It’s confession time. My time to confess, that is. I’ve spent the last week positively crawling out of my skin, energy wild and erratic. This happens every so often, but this time was off the charts. Nothing would settle me. I tried going for a walk, grounding, eating a heavy meal, meditating, taking a nap, reading, watching Netflix. I even tried cleaning my kitchen in a last-ditch effort to prove to myself that I could actually complete a task. Result: half-cleaned kitchen. I couldn’t find relief and I wracked my brain to try and figure out what was going on. Hormones? Astrological tail-spin? Solar flares? Low blood-sugar? Existential crisis? No, No, No, No and maybe….
The truth is that there was really nothing “wrong” and that’s what I want to convey to all of you. The truth is that the unsettled feeling that we all get in the pit of our stomachs is sometimes just gas. But other times, like today, its the feeling of standing on the precipice, of feeling the event horizon of something extraordinary. That feeling doesn’t mean you have to “DO” anything. You just have to “BE” and allow the giant tidal wave of amazing universal energy to wash over you. This can be hard to do, trust me. My mother used to tell me that I had an “Uber-A” personality.
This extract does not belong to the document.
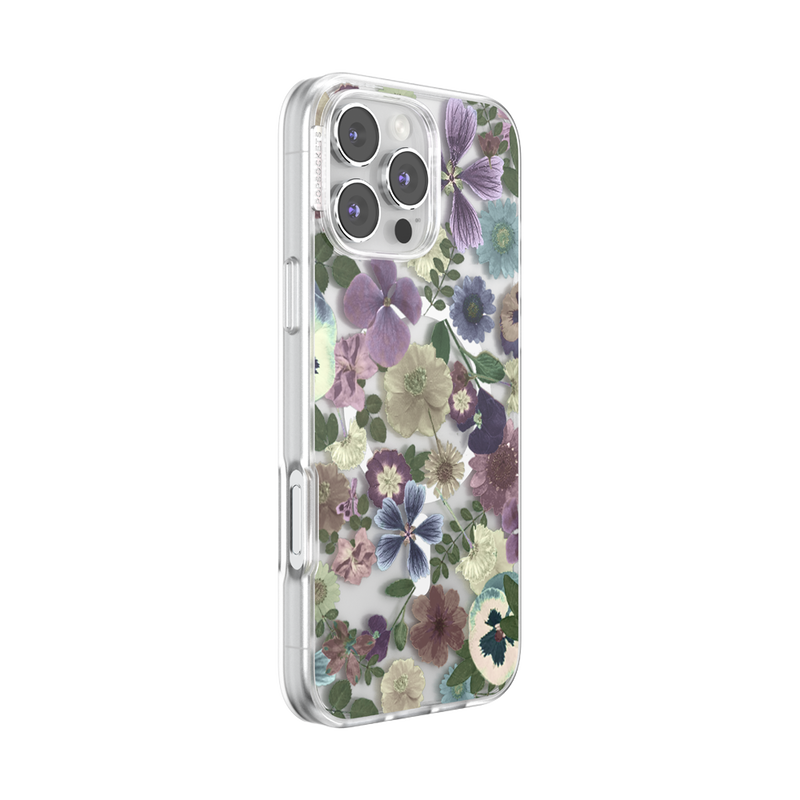 Pressed Flower — iPhone 16 Pro Max MagSafe Case image number 1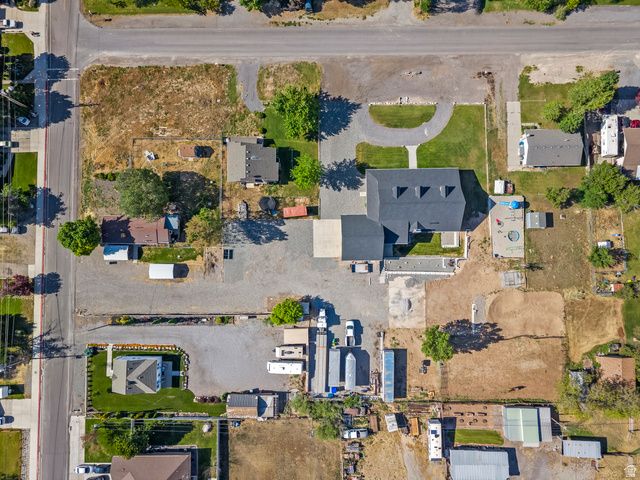 247 W 400 N, Santaquin, UT 84655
Sitting still and letting stuff happen isn’t exactly my forte. Nor, am I guessing, is it for any of you (we’re friends for a reason, after all).
And so the crawling, crazy, slightly manic feeling doesn’t need medicating or analyzing or fixing. You have been the architect of your life the whole time and it’s been moving forward at a maddeningly beautiful pace (I can feel some of you start to object – so let me stop you and say that it absolutely HAS). That feeling of not knowing what to do, and not knowing what’s next isn’t cause to chuck the whole thing in, its time to pause and look at this amazing feat and all of the things that you’ve created. And in that space of reflection, you can find peace.